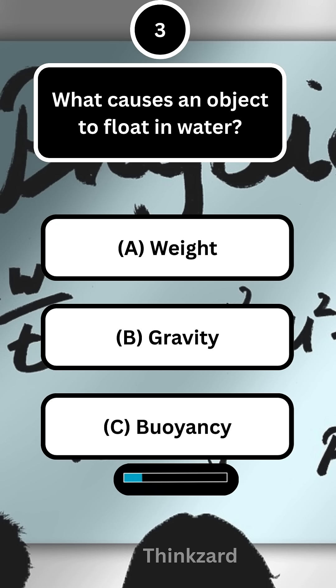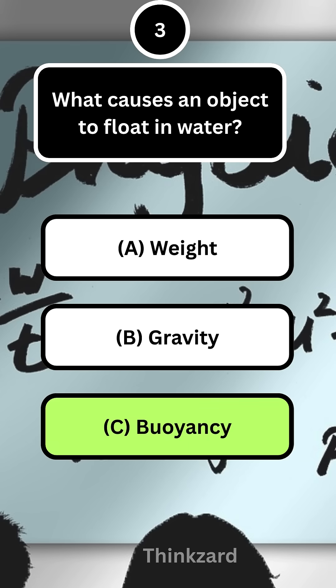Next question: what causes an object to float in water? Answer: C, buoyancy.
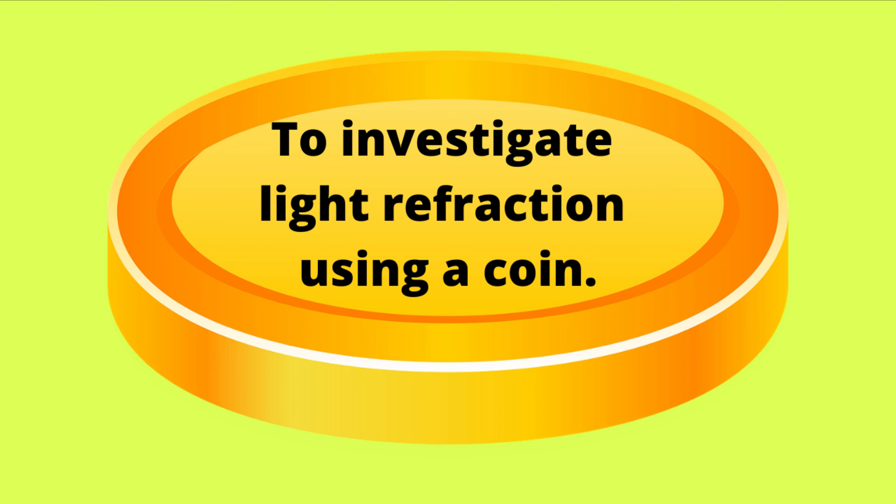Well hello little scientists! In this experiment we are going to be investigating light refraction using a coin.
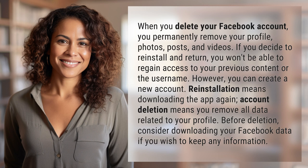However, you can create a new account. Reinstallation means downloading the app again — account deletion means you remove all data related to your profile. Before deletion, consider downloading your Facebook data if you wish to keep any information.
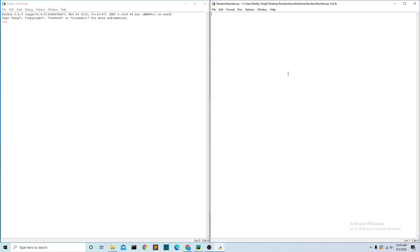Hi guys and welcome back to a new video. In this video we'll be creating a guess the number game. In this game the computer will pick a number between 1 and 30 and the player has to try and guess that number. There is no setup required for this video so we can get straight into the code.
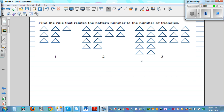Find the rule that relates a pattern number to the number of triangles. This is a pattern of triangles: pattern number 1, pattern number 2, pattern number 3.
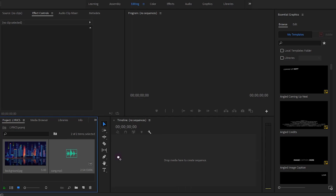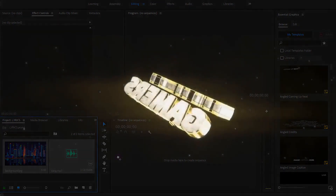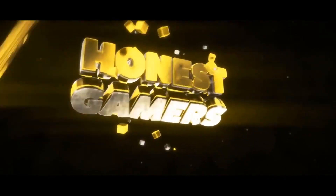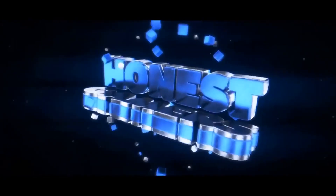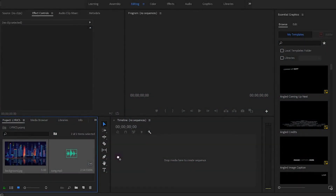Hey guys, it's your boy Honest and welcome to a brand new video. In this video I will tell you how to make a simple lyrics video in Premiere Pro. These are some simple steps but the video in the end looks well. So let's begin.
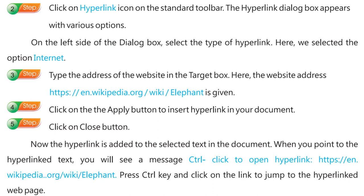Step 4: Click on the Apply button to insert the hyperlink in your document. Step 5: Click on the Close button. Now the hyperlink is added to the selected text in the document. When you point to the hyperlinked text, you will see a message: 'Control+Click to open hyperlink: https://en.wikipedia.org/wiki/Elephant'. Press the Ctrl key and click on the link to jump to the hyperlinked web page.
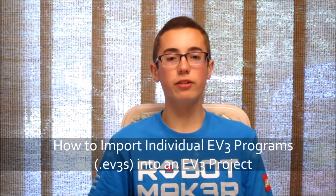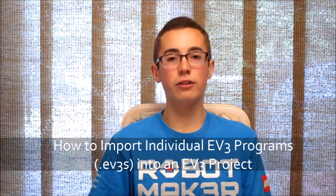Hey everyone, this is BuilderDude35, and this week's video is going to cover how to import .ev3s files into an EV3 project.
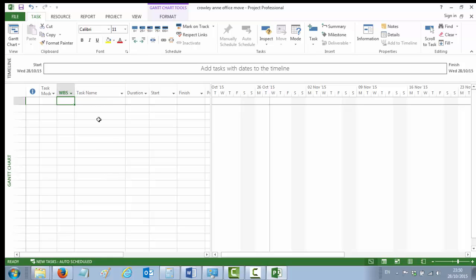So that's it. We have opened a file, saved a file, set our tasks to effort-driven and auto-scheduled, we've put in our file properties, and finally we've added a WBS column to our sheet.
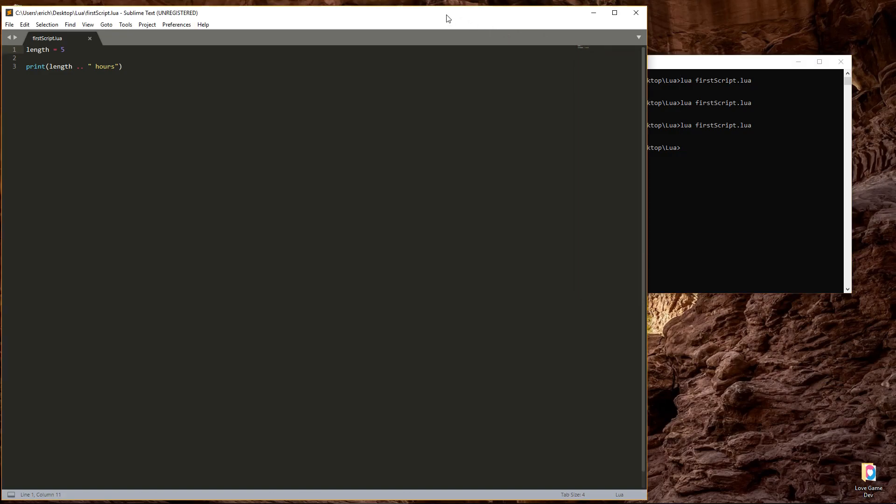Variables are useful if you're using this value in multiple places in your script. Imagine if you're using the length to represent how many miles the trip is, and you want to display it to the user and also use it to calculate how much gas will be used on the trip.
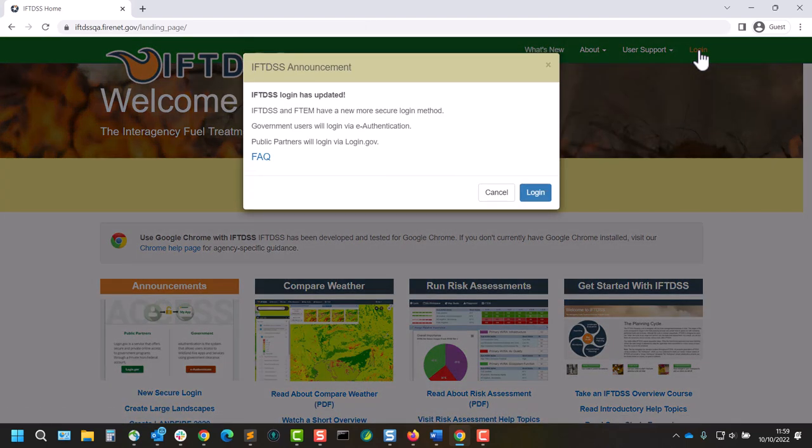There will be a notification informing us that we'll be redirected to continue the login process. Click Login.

**Action item**
A verbatim copy of the records is expected, from their first line through the line with "Find the rule", inclusive, with the pictures removed.

**Solution**
Next question: what causes an object to float in water? Answer: C, buoyancy.
Well hello little scientists! In this experiment we are going to be investigating light refraction using a coin.
However, you can create a new account. Reinstallation means downloading the app again — account deletion means you remove all data related to your profile. Before deletion, consider downloading your Facebook data if you wish to keep any information.
Hi guys and welcome back to a new video. In this video we'll be creating a guess the number game. In this game the computer will pick a number between 1 and 30 and the player has to try and guess that number. There is no setup required for this video so we can get straight into the code.
Find the rule that relates a pattern number to the number of triangles. This is a pattern of triangles: pattern number 1, pattern number 2, pattern number 3.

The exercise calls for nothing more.